Bonomi has made other investments in the luxury and design industries through his private equity firm Investindustrial, which in December bought ailing Italian shoe brand Sergio Rossi from France's Kering.

Tod's, widely seen as a potential takeover target, has seen sales fall as it struggled to diversify away from its core shoe business and expand its presence into higher-margin leather handbags and clothing.

Citi analysts said the departure of creative director Alessandra Facchinetti last year should help the brand "to refocus on its core, classic product offering."

Tod's shares fell 15 percent in 2016 against a 16 percent rise for the sector as a whole. The group's same-store sales fell 15 percent in the first nine months of 2016. They have declined for 12 quarters in a row.

The share price was up 9.9 percent at €66.80 by 10:51 GMT on Wednesday. Traders said target price increases by several brokers were also helping the stock.

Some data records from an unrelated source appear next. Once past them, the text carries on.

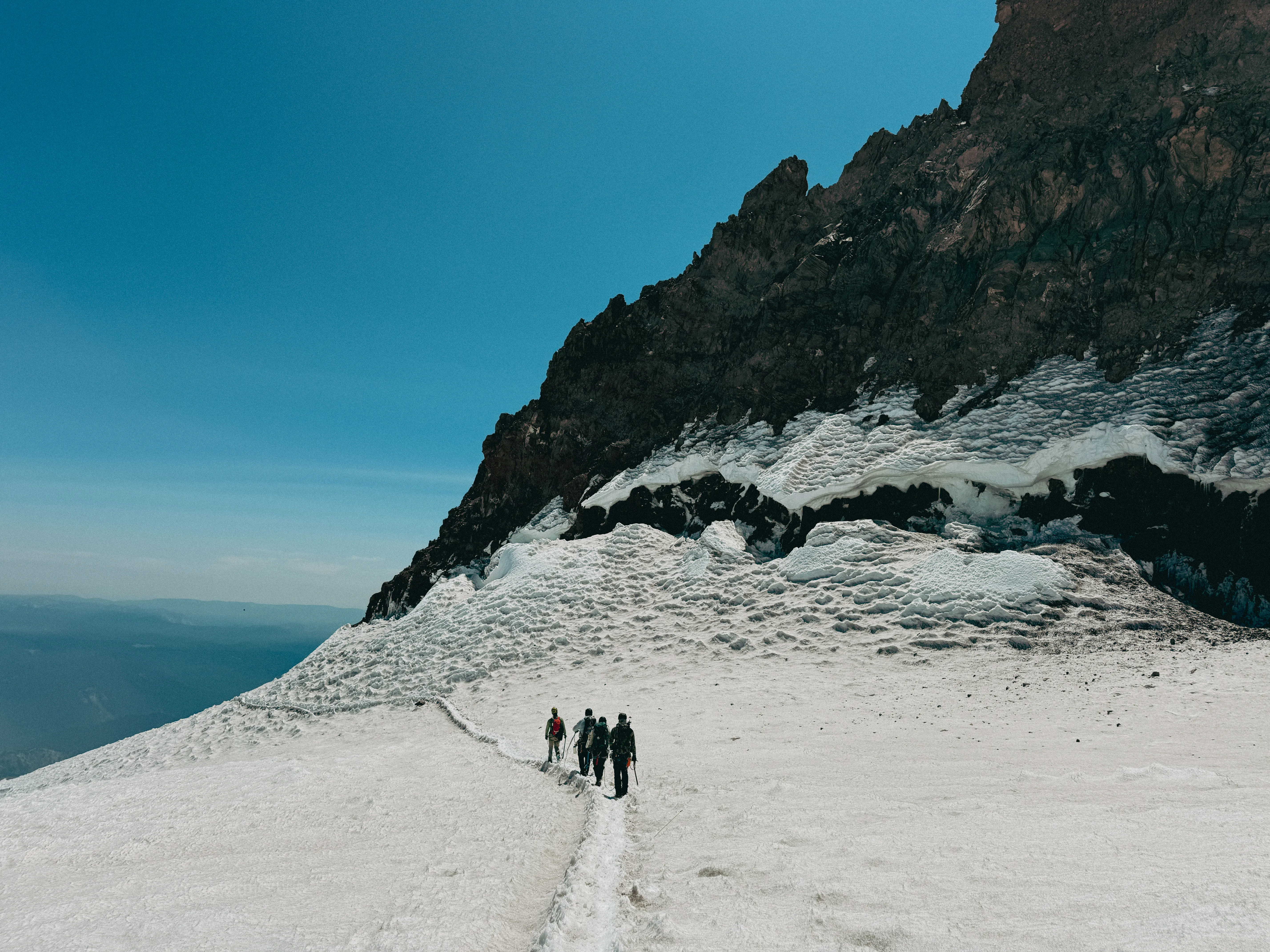 The team heading down toward Cathedral Gap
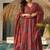 Women's rust red printed pure muslin anarkali kurta set with palazzo and dupatta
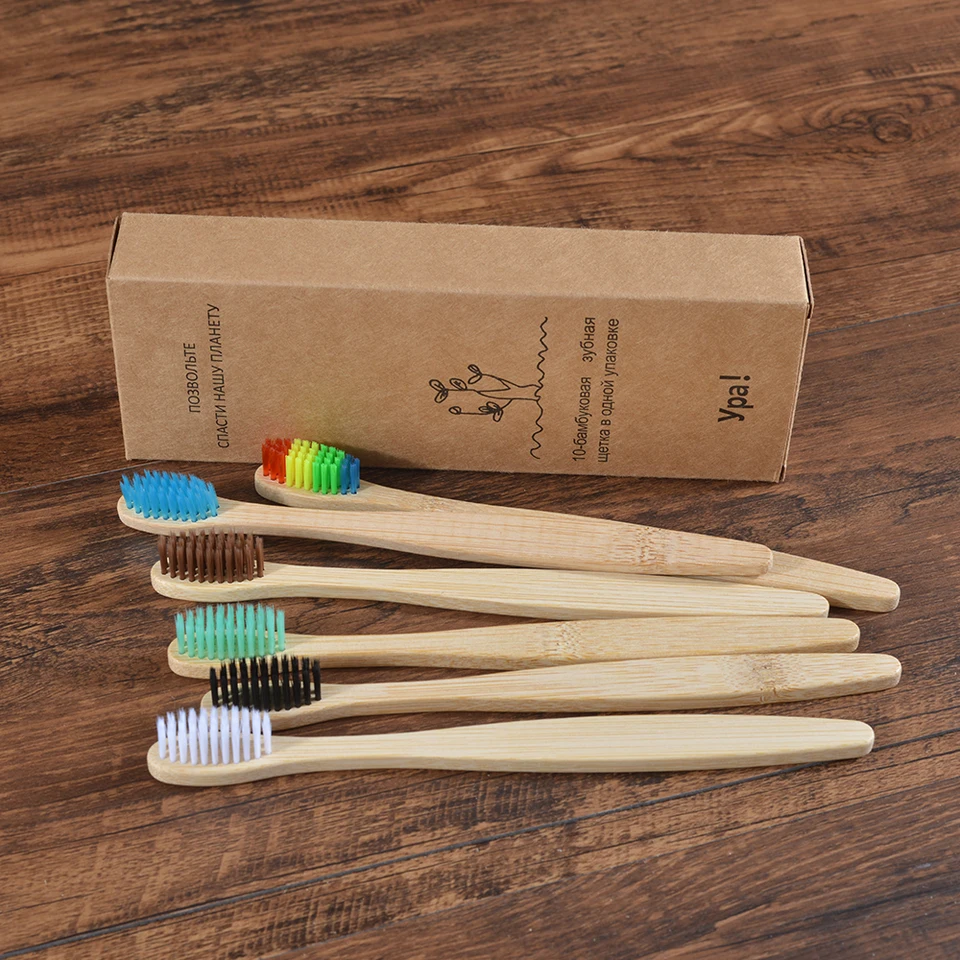 10 Piezas Cepillos de Dientes de Bambú Natural de Colores, Juego de Cepillos con Cerdas Suaves de Carbón, Cepillos Ecológicos para el Cuidado Bucal 4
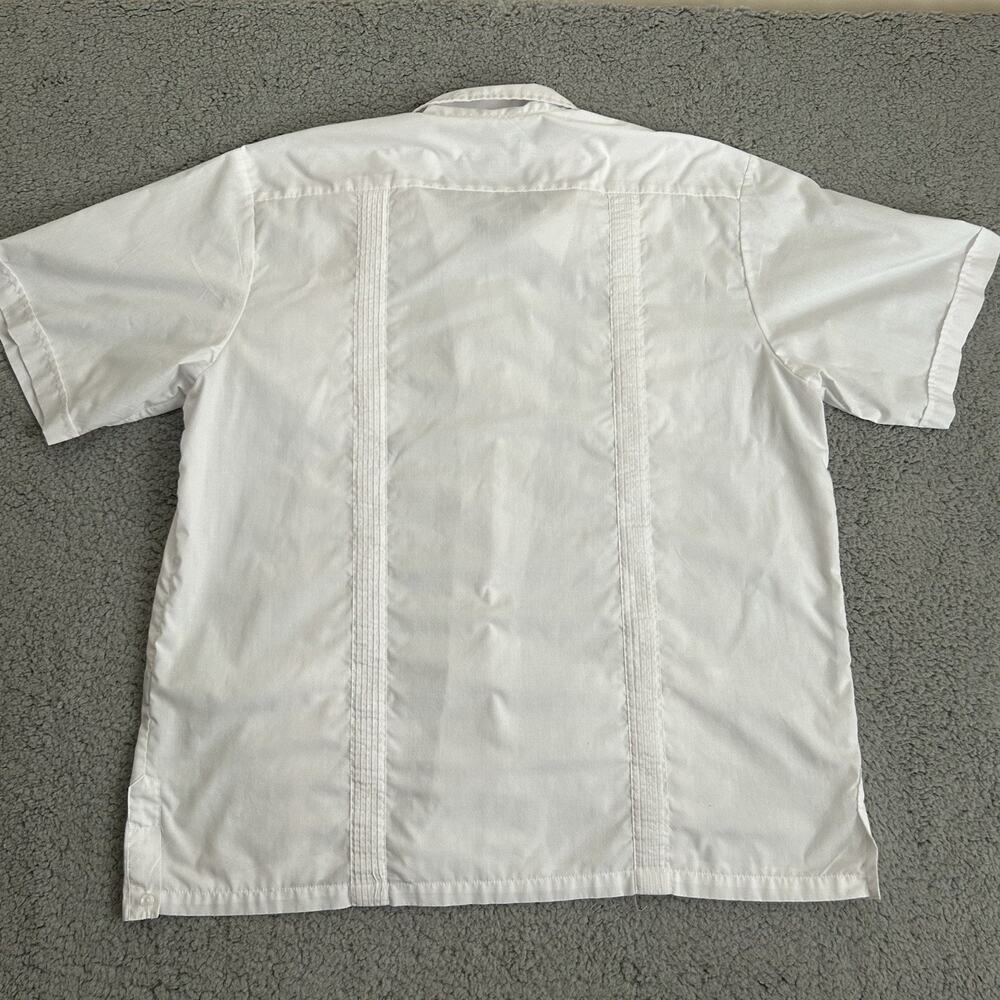 Maximos Yucatan Guayabera Shirt Adult XL White Polyester Blend 4 Pocket Mexico - Picture 13 of 14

Citi, which rates the stock a "buy", increased its target price to 69 euros from 57 euros to reflect the possible adoption of a favourable tax regime which rival Salvatore Ferragamo agreed in December with tax authorities.

"Under this agreement, a portion of the income generated from the direct and indirect use of intangibles will be exempt from Italy's corporate tax rate of around 31 percent," Citi said. "We believe Tod's might benefit from a similar tax treatment."

Also Barclays raised its target price on Tod's in line with a more positive view for the sector.

Consensus estimates for luxury goods companies are generally being revised upwards as Russia's economy begins to recover, higher oil prices support Middle Eastern spending and expected tax cuts under U.S. President Donald Trump are seen encouraging Americans to shop.

However, Barclays kept an "underweight" rating on Tod's saying like-for-like sales would probably continue to fall and margins remain weak in the short term due to tough competition in the market for its soft-leather bags and still difficult trading environment.